Evie sat up in her chair.
Cheryl Collins spit out celebrity gossip on her vlog every Wednesday, millions of viewers tuning in to watch her red-head bob in front of a camera. Her favorite subject: men who cheat and the women who enable them. She was ruthless, digging into the mistresses’ past with an unrelenting shovel, dragging the quiet ones into the public eye until they were forced to make a statement.
I shook my head. “No.”
Jennifer shrugged. “Then I can't help you.”
“I'll leave Chace alone.”
“But that's not all I'm asking for, is it?”
Jennifer wasn't used to hearing the word "no". I could tell by the twitch in her upper lip and the way she stuffed her arms over her chest, bottom lip sticking out in a childish pout. She thought she had me cornered but in truth, the cameras didn't bother me too much. I could hide in plain view, swapping one pair of scrubs for the other. I could even take up smoking, the smoke clouding my sunglassed face as I pushed through the crowd. It was the Evans’s who were bothered by them and as much as I cared, it wasn't enough for me to fall into the clutches of a woman itching to end me.

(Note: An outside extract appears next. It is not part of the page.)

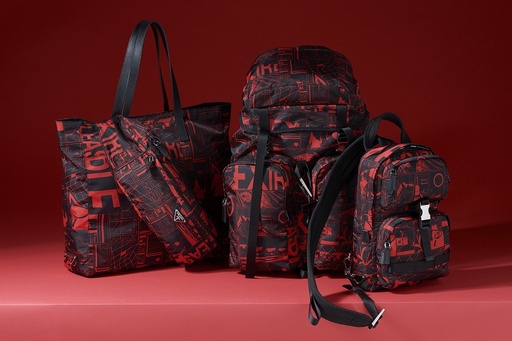 プラダ」コミックプリントの日本限定メンズバッグ、ポップアップに登場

I crossed my arms over my chest. “I’m not going to do it.”
“Well then,” Jennifer stuck her straw between her teeth. “Our conversation is over.”
***
Evie and I walked back to the estate, our shoulders bumping into one another as we sucked down cool bottles of water. Jennifer was staying in town, at a small bed and breakfast owned by a widow who’d never seen her movies and didn’t care that she fancied herself an actress. (“She said Eva Gardener was the last true actress,” Jennifer told Evie with a roll of her eyes. “Not even Elizabeth Taylor.”) She was supposed to leave tomorrow evening, but Evie assured me that wasn’t the truth.

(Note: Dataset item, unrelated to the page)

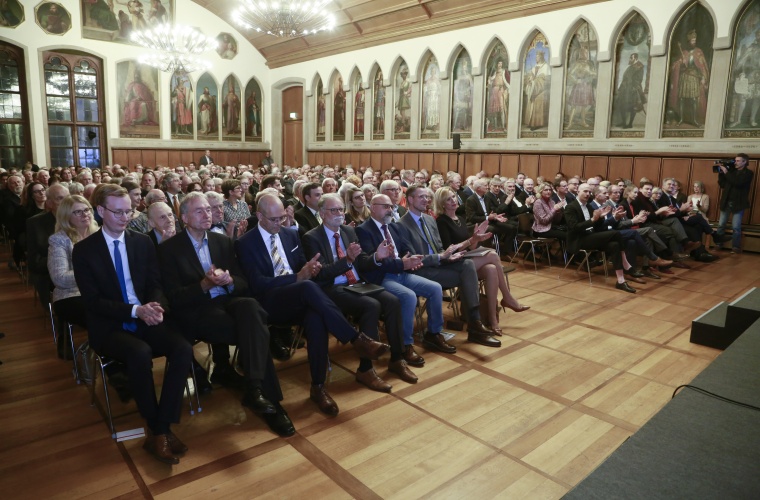 Der Kaisersaal im Frankfurter Römer war bis auf den letzten Platz besetzt.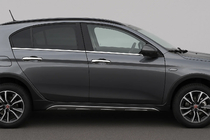 Fiat Tipo Cross 2021– Spodné okenné lišty (nerez) Carmos - turecká oceľ fotografia 1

“She’s going to stay until you give into her,” she said. “Or until Chace breaks down and does something stupid.”
I imagined Chace pouring pots of boiling water from his bedroom window, the scorching liquid burning the paparazzo’s, their screams swallowed up by the camera clicks around them.
“I didn’t know you two were friends,” I said.

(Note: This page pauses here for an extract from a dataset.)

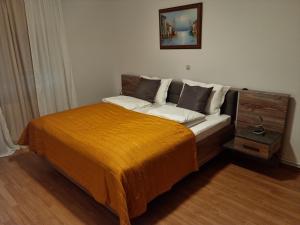 Un pat sau paturi într-o cameră la Apartments Zoretic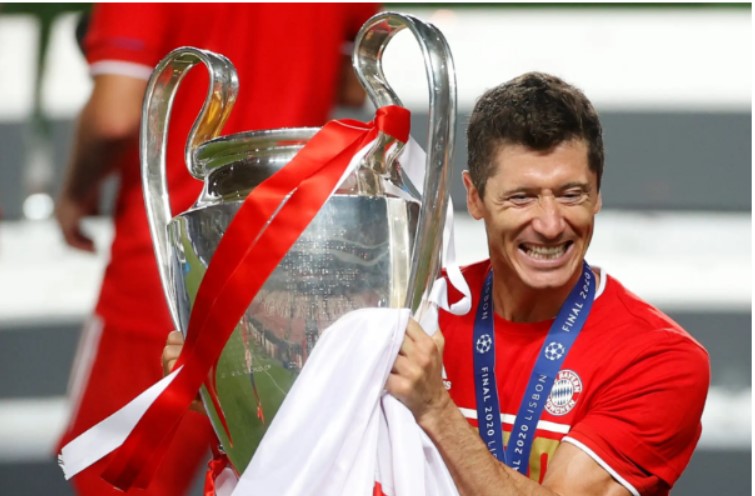Bayern Munich là nơi Robert Lewandowski đạt đỉnh cao với hàng loạt danh hiệu và kỷ lục ghi bàn.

The corner of Evie’s mouth lifted. “We’re not, but someone had to calm her down before her publicist called People and gave them their scandal of the week: ‘The entire Evans’ clan wants Jennifer Mitchel to get an abortion.’”
I was sweating again by the time we reached the estate. We stood down the street and watched the photographers and reporters, lounging on the front lawn as if they owned it, their knees kicked up in the air, heads resting on bags of their equipment, eating, chatting, destroying the foliage. A few carried small plastic bags around their wrists for trash, but others balled up their wrappers and tinfoil and tossed it over their shoulders, silver, white, red, and yellow plastic littering the green garden.
“My mom’s going to have a fit when she sees this,” Evie said.
“We should call the cops,” I said.
“Tried that when my father first got sick. They scattered for a few hours and came back. When we called the cops again they said they had better things to do. Murders to solve.”
Evie wiped her hand across her forehead, a film of sweat collecting on the back of her hand. From where we were standing the swarm of photographers seemed intimidatingly large, like a crowd at a music festival.
I sucked in a deep breath and pushed my sunglasses up the bridge of my nose. “Do you think you can handle them again?”
Evie threw me a sideways smile. “We don’t really have a choice.”
I was closing the curtains when Chace knocked on my bedroom door. His bare feet sunk into the carpet as he pushed his hands in his pockets and surveyed my room. Nothing had changed since the last time he was there, but he probably couldn’t remember pushing me against the closed door, his teeth sinking into my bottom lip as he split it open. He drunk in every crack in the wall, every wrinkle of my sheets, the tip of his foot catching on my suitcase shoved clumsily beneath the bed.